AGE Control:

An Under Recognized Way to Restore Insulin Sensitivity and Improve Heart, Bone and Cognitive Health

By David D. Parrish, MD

Scientists and the general public have long been fascinated by the reasons behind why we age and the actions we can take to slow aging. A number of theories have been proposed, including The Neuroendocrine Theory of Aging, which Ward Dean, MD extensively covered in past issues of this newsletter.

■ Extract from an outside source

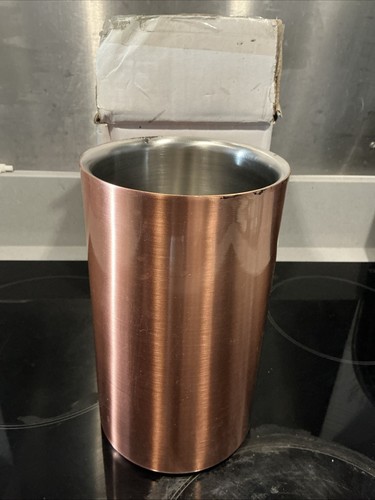 Rose gold coloured wine bottle - rose,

The Neuroendocrine Theory of Aging was first described in 1954 in a Master’s thesis by the distinguished Russian gerontologist, Vladimir Dilman, M.D., Ph.D., D.M.Sc., who ultimately wrote a number of books about the topic. Dr. Dean obtained a copy of Dilman’s books and later co-authored with the gerontologist the book The Neuroendocrine Theory of Aging and Degenerative Disease. The Neuroendocrine Theory states that aging is caused when receptors and secretory cells in the limbic system, hypothalamus and the pituitary (important structures in the brain) are no longer sensitive to the hormones that control their function, resulting in a down regulation of the limbic-hypothalamic-pituitary axis and a subsequent down regulation of end organ receptor sites in the thymus, adrenals, thyroid, ovaries and testes. When this essential neuroendocrine axis becomes less functional, our bodies are thrown out of balance and we are at increased risk for the major diseases of aging—which include atherosclerosis, hypertension, diabetes, cancer and autoimmune disorders. Consequently, maintenance and up regulation of this vital axis is of crucial importance.1

In this article, I will take the Neuro¬endocrine Theory one step further by addressing a closely related concept that Dr. Ward Dean also has explored extensively: The Cross-linking Theory of Aging. Neuroendocrine imbalance, as mentioned above, can lead to this destructive process known as cross-linking.

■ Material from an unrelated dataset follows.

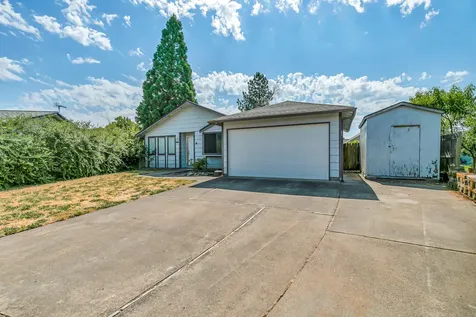 681 Farnsworth Drive Central Point OR 97502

It has long been known that cross-linked proteins are linked to diabetic complications. The newest research, however, reveals that cross-linking is related to a surprising number of diseases, including Alzheimer’s disease, osteoporosis, arthritis, kidney disease, cataracts and aging skin (see sidebar). Furthermore, researchers now realize that cross-linking increases the amount of LDL type B subparticles (the “bad” cholesterol).

Why We Age: One Proposed Theory

According to the Cross-linking Theory of Aging, when a sugar links with a protein molecule a harmful process called cross-linking occurs in the body. Cross-linking begins with a process called the Maillard reaction. Anyone who has toasted a slice of bread is familiar with this reaction. When the protein and the carbohydrates in the bread are exposed to heat they turn brown as a result of the chemical reaction that occurred between the proteins and carbohydrates during cooking.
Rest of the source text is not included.